With a limit on k of only 20, every possible subset is a valid consideration if we can process it quickly. This provided a hint, but I needed to look at a solution to get the rest. If we divide the input into start and end sections, we can determine which of the end section can be placed immediately after the start section. This lets us create a DP of maximum number which can be processed from a set which appear after the rest not in the set (regardless of whether the rest not in the set can actually all be processed before it). That final condition may sound crazy, but once you get to the full set, the not-in set becomes empty set and the condition is fine, so the rest doesn’t matter.
Once the DP is done, you just have to do the ‘reverse dp walk’ to construct the output.
Q3) Given a list of items and 2 queues to put them in, where each item has a processing time, which depends which queue it is in, and after processing is placed into the other queue, unless it has already been processed by that queue, determine how many different ways to place the items in the 2 queues subject to 2 conditions. 1) The items have to be added to the queues in the same order as the input. 2) Neither queue must ever be empty before the other queue has finished its initial list. Limits: up to 47 items and each processing time is between 1 and 20.
A3) No clue – the processing time limit seems suspiciously small though. Maybe a dp on the number of solutions with an initial queue time of n? Let me look at a solution.
Rather than solving the problem as given, solve a different problem, number of ways for queue 1 to run out before queue 2 is done its initial list. Then switch queues and use the same logic again. Subtract both from number of possible distributions.
So, how to count the number of ways for it to run out. Each time we put something on to queue 1, it makes it harder to run out, each time we put something on queue 2 it is easier to run out. Some analysis is required to work out the DP. The definition of fail is if total queue 1 time + total time of first i-1 from queue 2 processed at queue 1 speed – total time of first i from queue 2 processed at queue 2 speed < 0 for any i. We want to know what the minimum of the left for any i is, for each possible distribution in order to know whether it has failed, if that minimum is less than 0, then it is a fail. As each new item is added to the pile this function changes. If we add one to queue 1, all possible left hand sides increase by the processing time, thus also increasing the minimum. If we add one to queue 2, the inequality doesn’t change except for the new i=new length of queue 2 case. In that case the inequality equals the previous scenario where all were processed minus the new addition as a possible new minimum. So we can minimize between that and the old minimum. The only problem is we need to know that previous scenario as well. So ‘previous scenario’ and ‘minimum’ are 2 parameters to the DP, the 3rd being number of items en-queued.

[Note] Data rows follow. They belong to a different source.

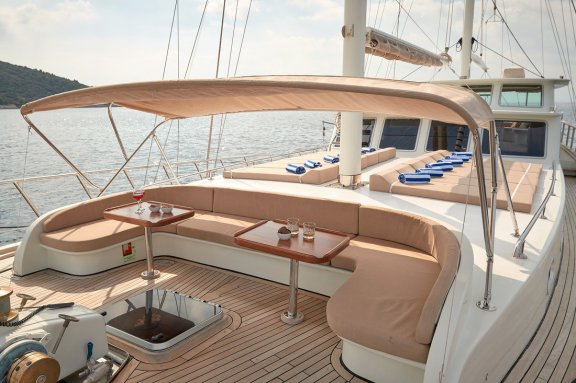 Image of Sea Breeze yacht #9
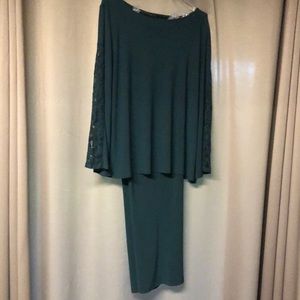 Forest green pant and partial lace bell sleeve top.
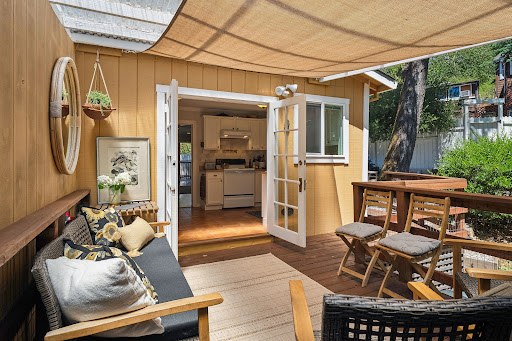 Property with garden 3
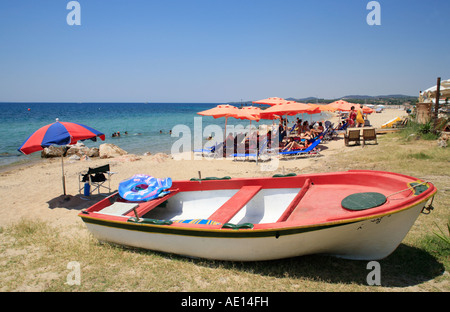 am Strand von Nikiti am Eingang zur Halbinsel Sithonia auf der Halbinsel Chalkidiki in Griechenland Stockfoto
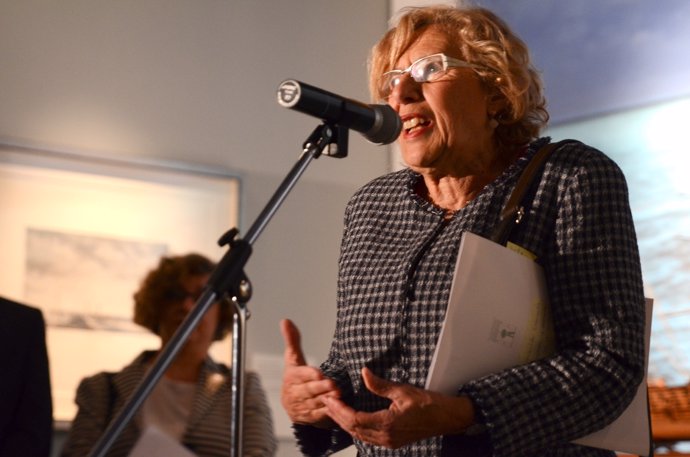 Manuela Carmena en la exposición Arte y carne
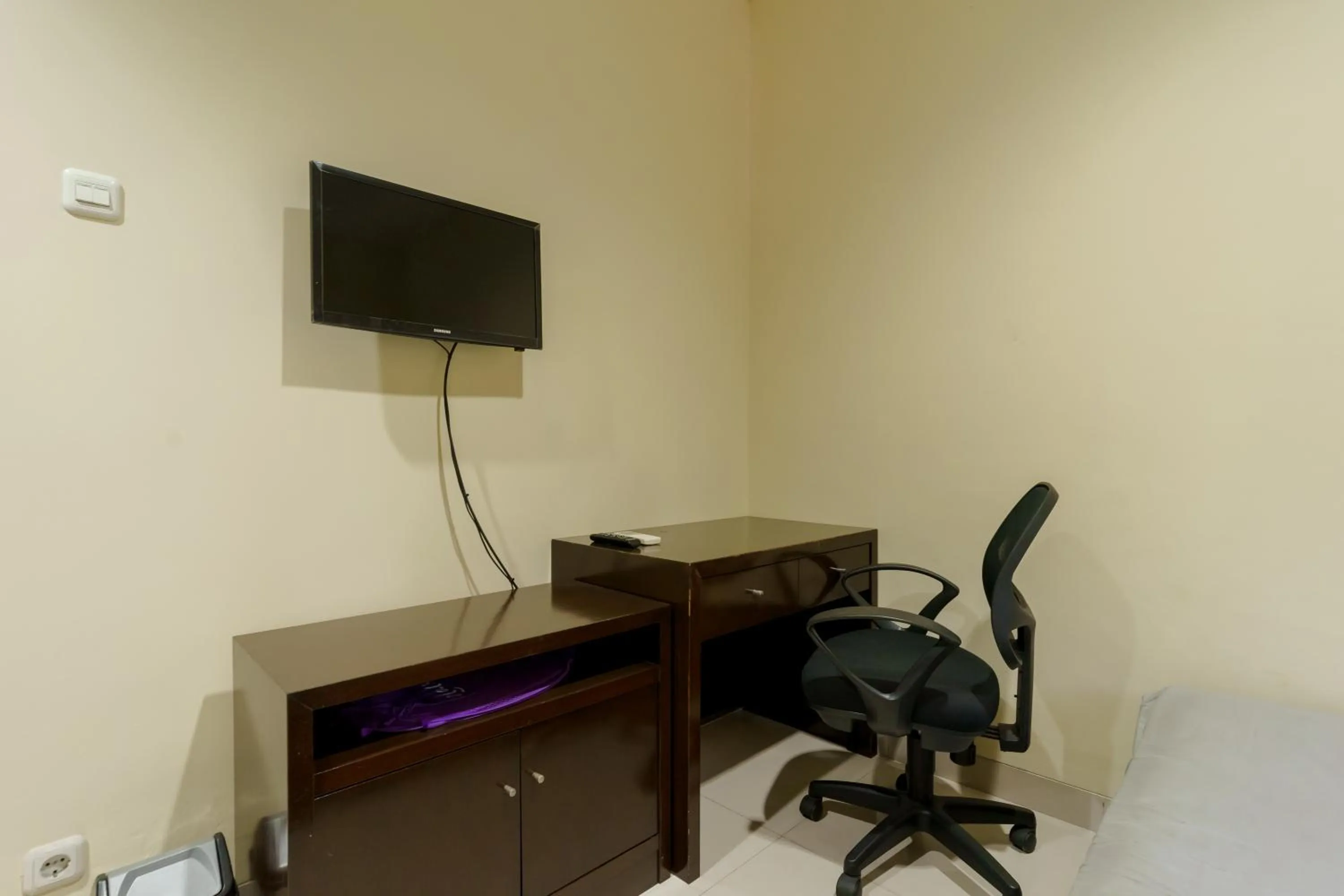 Communal lounge/ TV room in Dago Suites Syariah Cikarang Mitra RedDoorz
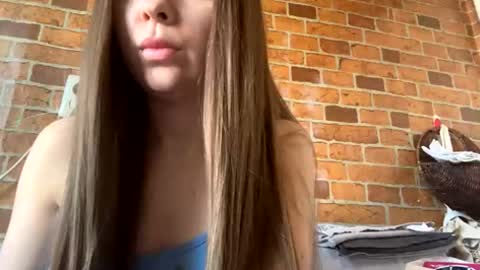 NicoleKathie online show from February 4, 2026, 11:27 am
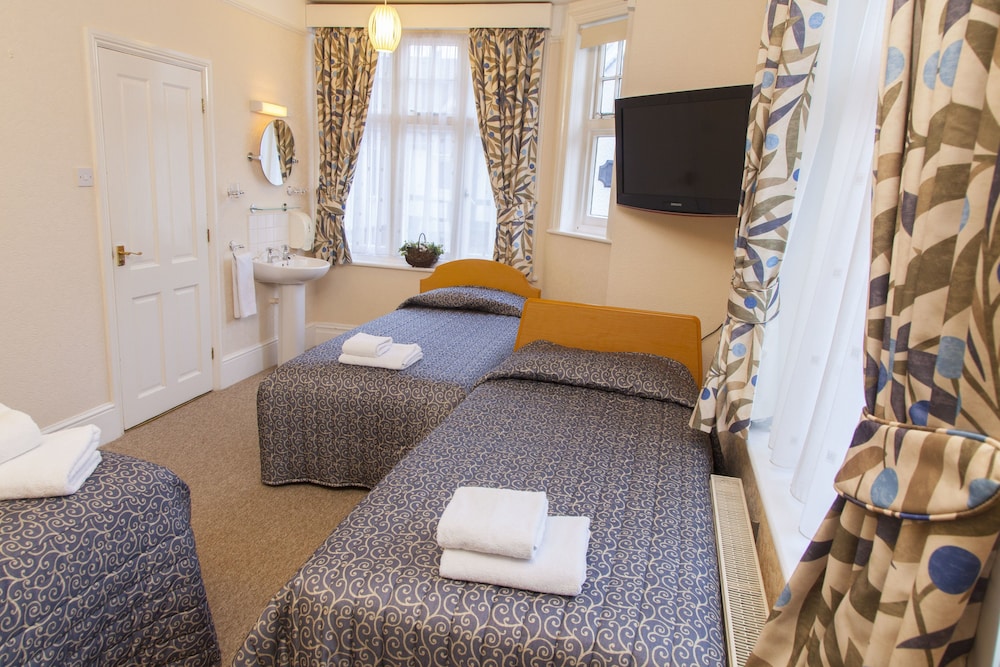 Gatwick Turret Guest House 15/45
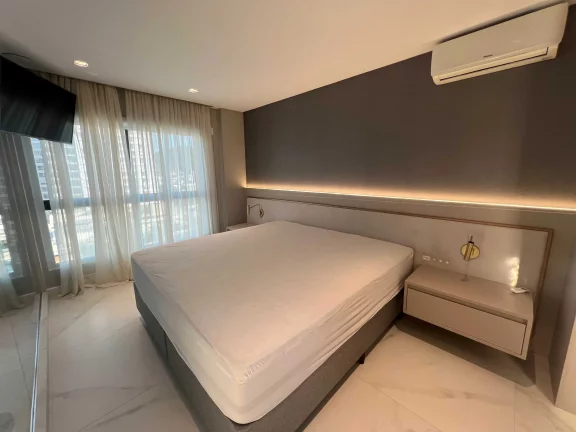 Imagem Apartamento mobiliado com 2 suítes e 2 vagas de garagem na Praia Brava em Itajaí
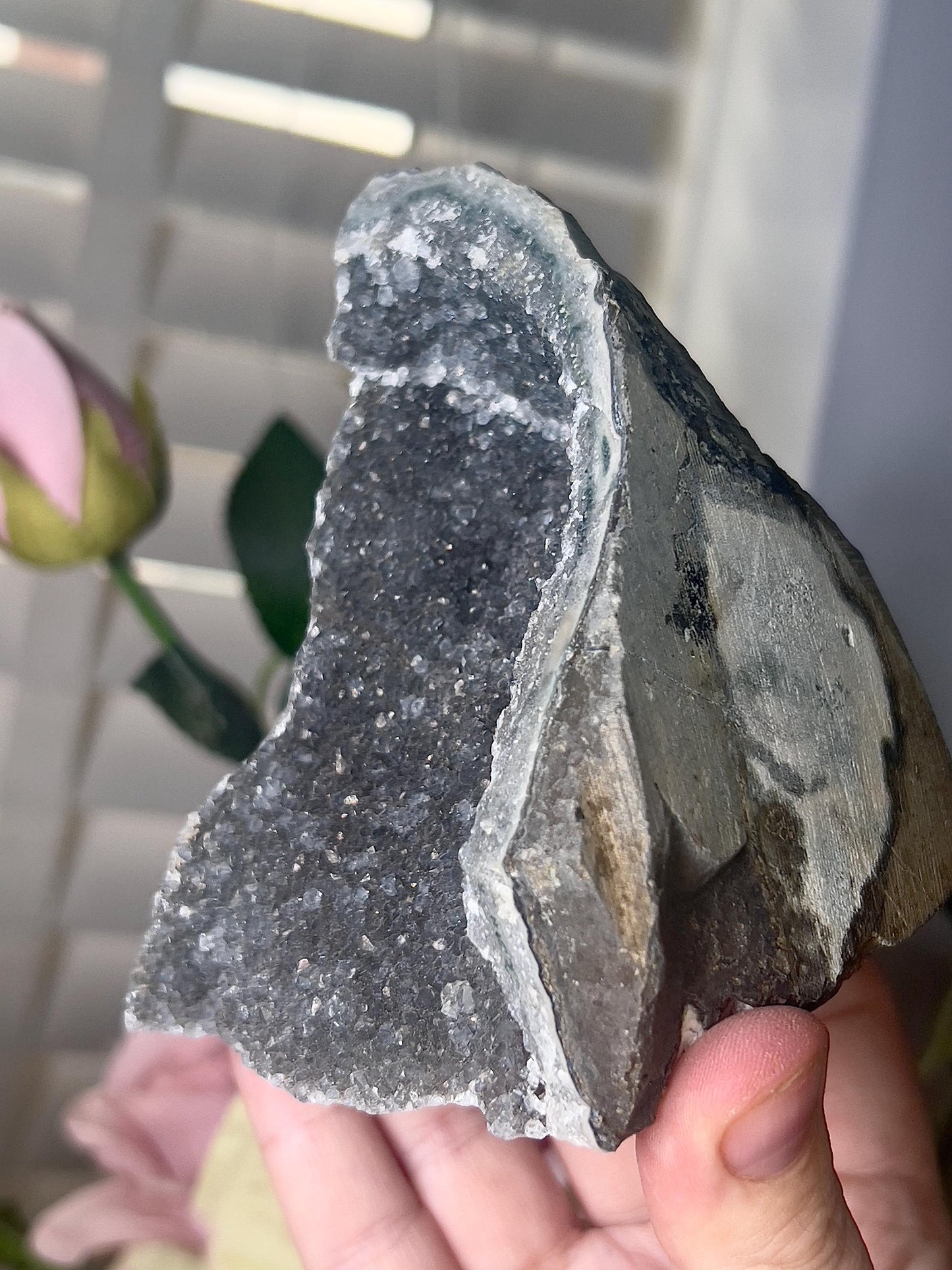 amethyst cutbase freeform with grey tone - 510g 10cm(h) 8cm(w)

Now that we have this new parameter we need to know how it changes. If we add to the first pile, it goes up exactly the same as the minimum does, adding the queue 1 processing time. If its added to the second queue, that causes a subtraction of the queue 2 processing time, and an addition of the queue 1 processing time.
Potential range on previous scenario and minimum are pretty large so memory is an issue if the entire dp was kept in memory. Helpfully each case only depends on the previous number of items en-queued, and the final summation is only on the full list of items en-queued, so we can throw away memory as we go. (Avoid garbage collection issues and alternate arrays, don’t keep allocating.) Additionally with the inequality range being +/- ~900, that is close to 200million dp locations filled without any optimisation. Running with c++ this is probably reasonable, but with Java further trimming helped. For instance minimums only ever get smaller and we are only interested in the negative ones, so treat all positive minimums as 0, and we save half the state space. Furthermore the area of the DP increases by +/- 20 in both dimensions with each step, taking this into account can save another factor of ~3 rather than blindly checking every spot.
Again out of my range, but useful to sit down and understand how it works.